Required action »
Pictures stay out of the copy. Retype exactly the lines below from the one with "ERNST Ernst sauce" through the one with "Gazetka promocyjna Carrefour str. 31".

Records for processing »

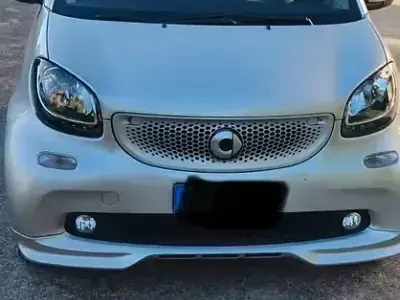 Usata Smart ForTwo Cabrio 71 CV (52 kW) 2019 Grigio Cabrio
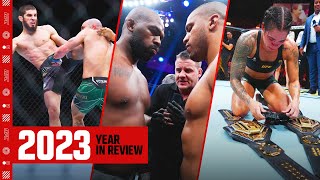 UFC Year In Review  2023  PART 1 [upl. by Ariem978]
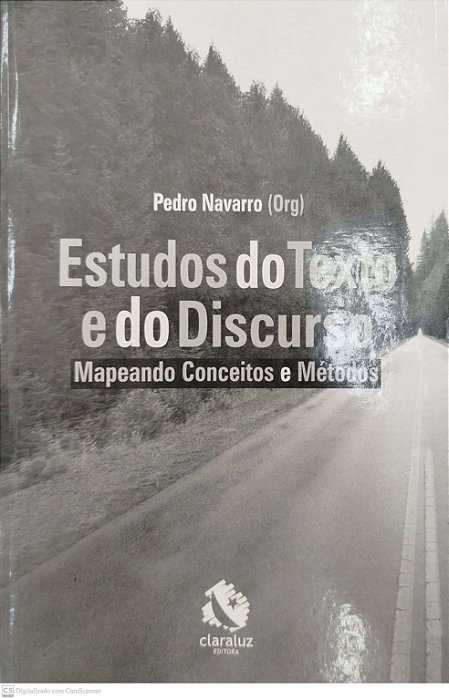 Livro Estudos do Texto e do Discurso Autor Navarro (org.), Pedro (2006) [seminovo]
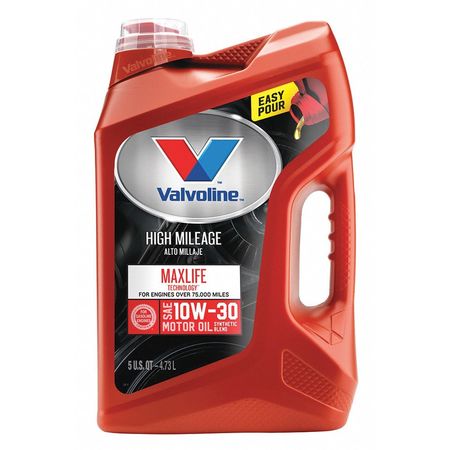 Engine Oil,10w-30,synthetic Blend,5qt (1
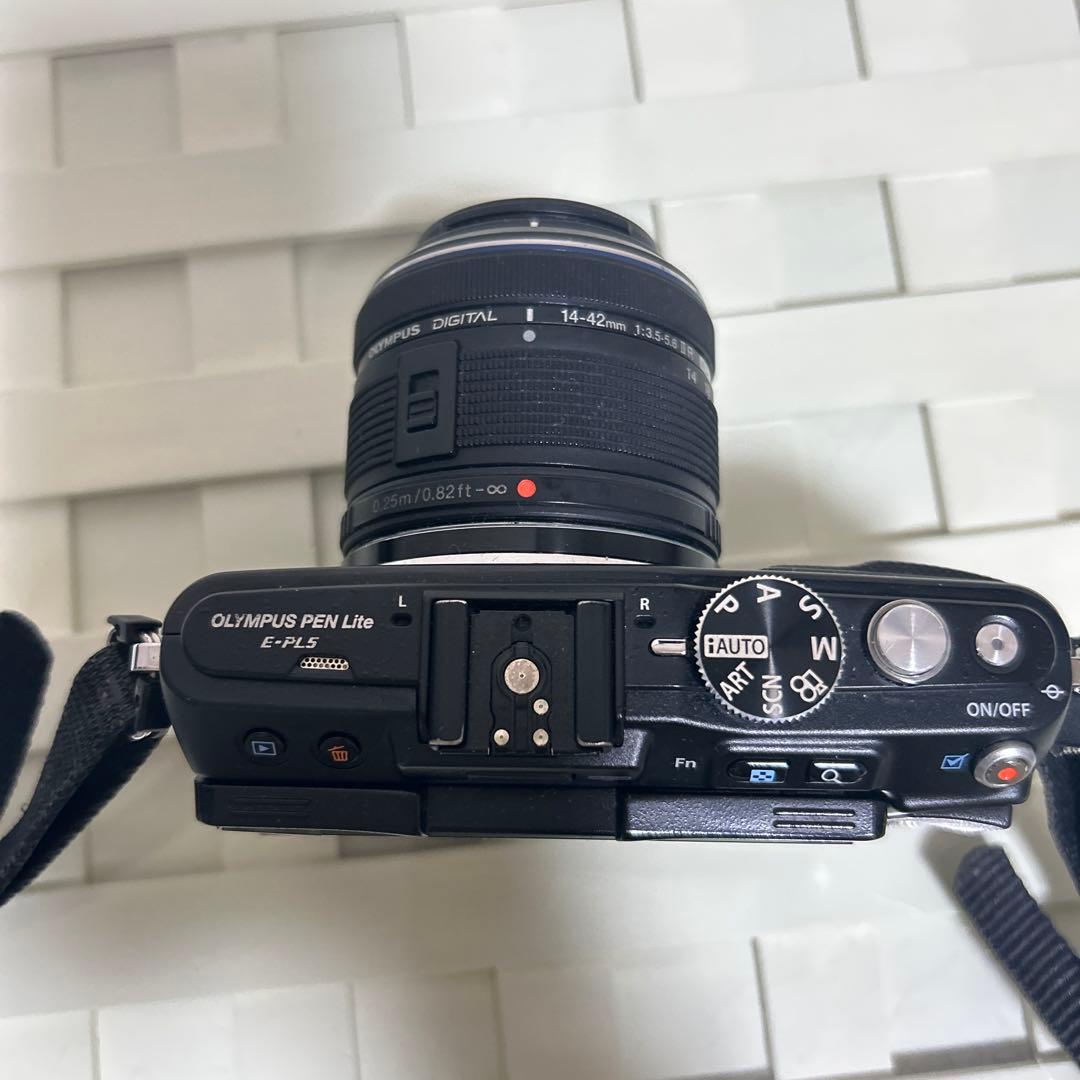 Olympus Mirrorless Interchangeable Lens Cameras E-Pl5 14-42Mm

==

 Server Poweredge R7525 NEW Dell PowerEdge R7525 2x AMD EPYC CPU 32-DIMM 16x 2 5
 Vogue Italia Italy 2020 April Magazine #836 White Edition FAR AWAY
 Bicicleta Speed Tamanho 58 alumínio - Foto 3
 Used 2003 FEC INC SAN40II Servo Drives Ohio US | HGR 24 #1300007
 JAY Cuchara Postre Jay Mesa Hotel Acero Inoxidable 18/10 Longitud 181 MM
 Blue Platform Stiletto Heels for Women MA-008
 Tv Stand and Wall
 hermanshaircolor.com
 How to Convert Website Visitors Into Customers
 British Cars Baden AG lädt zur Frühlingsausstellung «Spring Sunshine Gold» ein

--

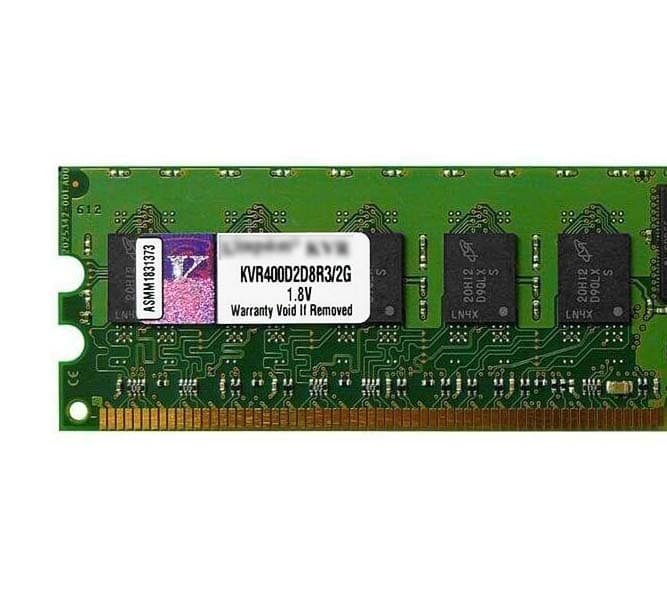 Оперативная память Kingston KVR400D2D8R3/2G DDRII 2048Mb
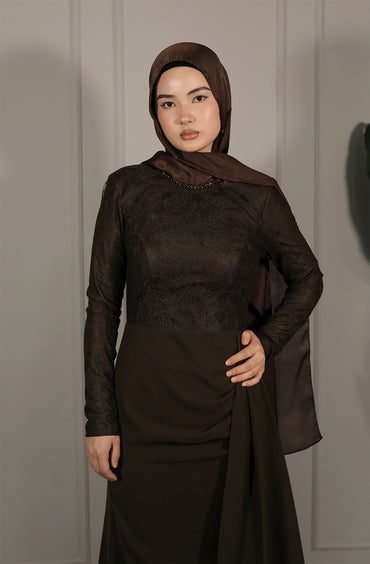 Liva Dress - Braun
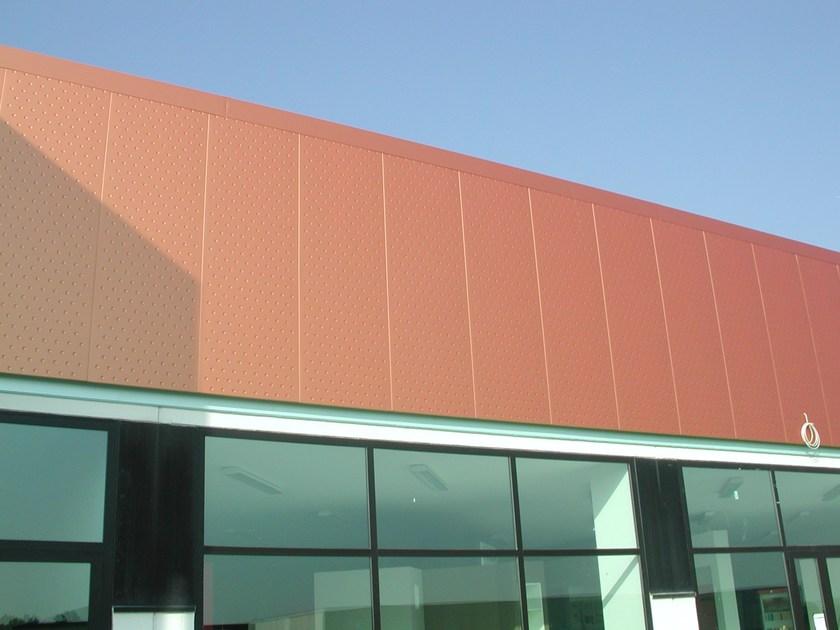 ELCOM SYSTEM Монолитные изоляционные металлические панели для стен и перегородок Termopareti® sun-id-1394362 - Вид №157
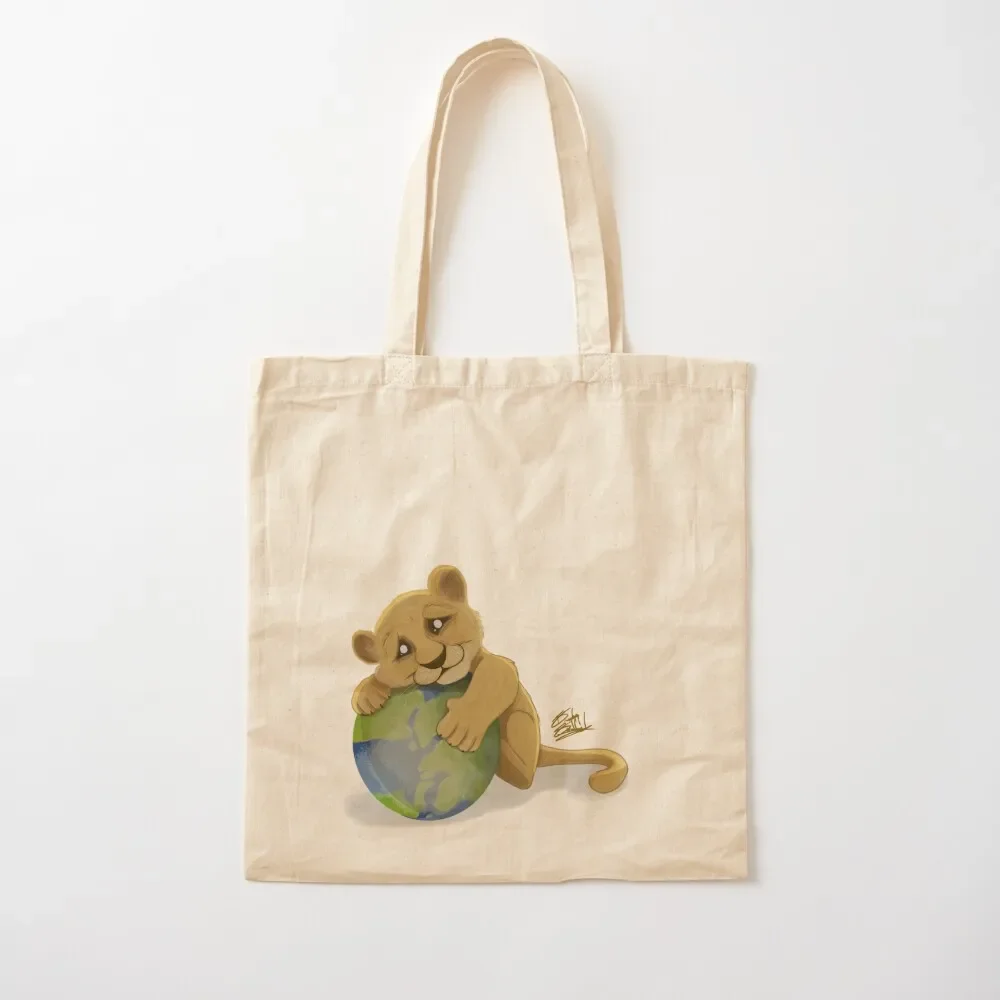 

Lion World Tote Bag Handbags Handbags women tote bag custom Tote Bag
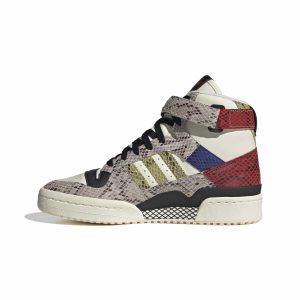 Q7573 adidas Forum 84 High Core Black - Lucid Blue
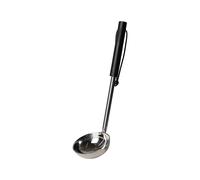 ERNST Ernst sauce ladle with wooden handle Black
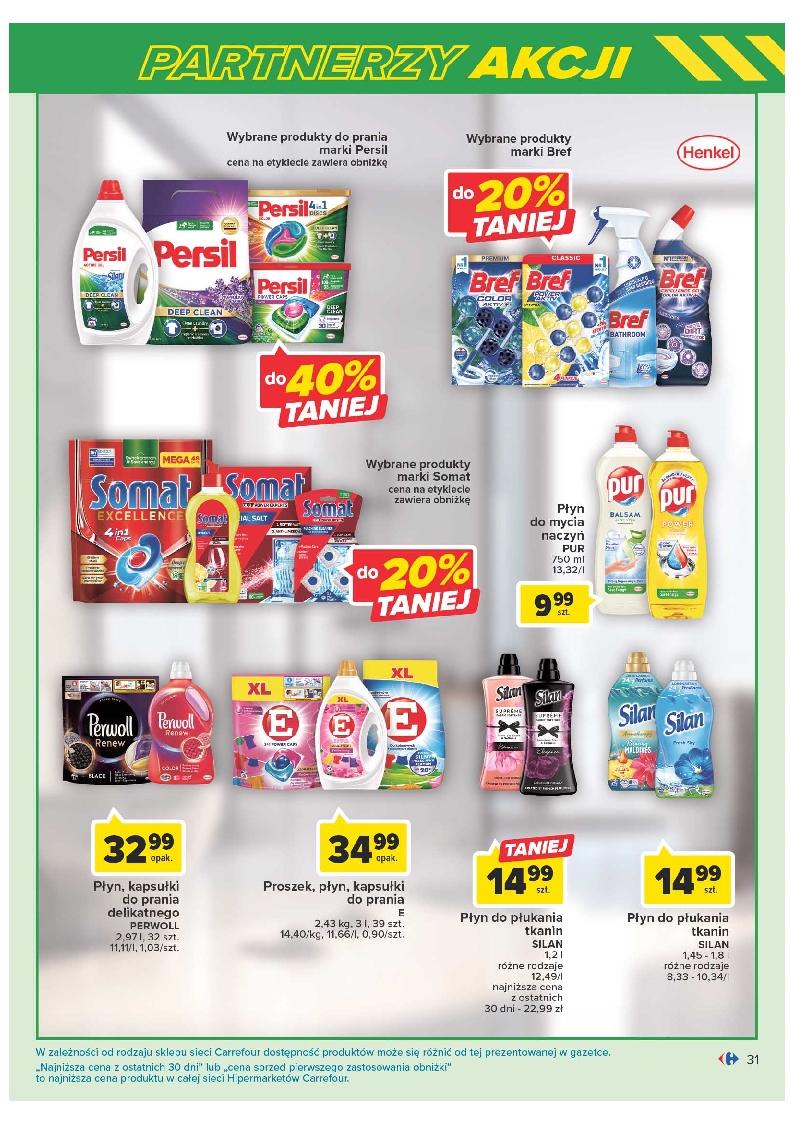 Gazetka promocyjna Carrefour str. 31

Exercise solution »
 ERNST Ernst sauce ladle with wooden handle Black
 Gazetka promocyjna Carrefour str. 31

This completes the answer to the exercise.